Он чувствовал себя маленьким и слабым. Ему было жаль себя, несчастных роллитян, жаль всех несчастных и обездоленных во Вселенной. Жаль – и много больше, нежели просто жаль – Анжелику. Ему хотелось плакать, отчего – он не понимал, хотя еще недавно ему мнилось, будто он понимает все на свете.

«Анжелика, что вы станете делать, если я скажу вам, что люблю вас?» – «Ничего не стану делать. Просто не поверю. Так не бывает». – «А вы знаете, как бывает?» – «Наверное, знаю». – «Нет, не знаете. И никто не знает». – «Но вы этого не скажете. Потому что я замужем. И сейчас пойду домой, к мужу». – «Я скажу. Только соберусь с силами – и скажу. А потом идите куда угодно». – «Зачем вам это?» – «Это всегда незачем…»

Где-то на другом краю плоской Земли аварийной сиреной взвыл телефон. Вольф вздрогнул и открыл глаза. Анжелика тоже вздрогнула и отстранилась. «Зачем? Ну зачем он звонит? Я ни с кем не хочу разговаривать, кроме нее».

Вольф поднялся, прошел к телефону, снял трубку.

– Олег Олегович? – спросил кто-то малознакомый.

– К вашим услугам.

– Это Дедушев. Тот самый. Я прошу вас о встрече, прямо сейчас. Дело чрезвычайной важности. И прихватите с собой прибор. Он, должно быть, сильно вас стесняет.

– Я не могу… сейчас.

– Потом будет поздно. Приходите в парк Бессчастного, к ротонде. Я жду вас…

В трубке запищало.

Вольф беспомощно обернулся к Анжелике.

– Мне надо уйти, – сказал он. – Ненадолго.

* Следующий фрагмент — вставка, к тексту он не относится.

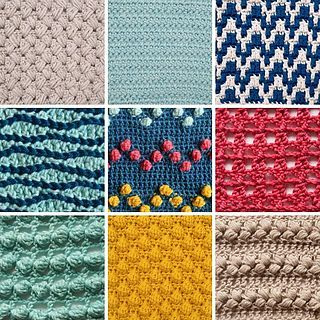Spring Stitches CAL – 16 Crochet Stitch Patterns Textured Crochet Stitches In The Round, Textured Crochet Stitches, Crochet Stitch Patterns, Alpine Stitch, Puff Stitch Crochet, Bobble Stitch Crochet, Crochet Stitch Tutorial, Textured Crochet, Day Outfit Ideas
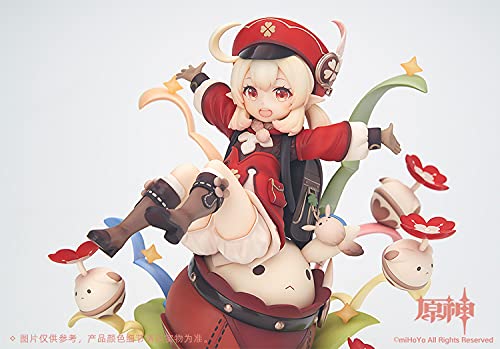 Genshin Impact Klee Spark Knight 1:7 Scale PVC Figure - Anime Collectible Statue for Display & Gaming Room Decor - Perfect Gift for Fans of Action RPG Games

– Конспиративная встреча? – спросила она с вымученной улыбкой.

– Я прошу вас, – промолвил Вольф. – Нет, умоляю. Дождитесь меня здесь. Я еще не все сказал вам. И потом, – он собрал остатки душевных сил, чтобы соврать более или менее правдоподобно, – я потерял ключи от квартиры, а за ней нужен постоянный присмотр.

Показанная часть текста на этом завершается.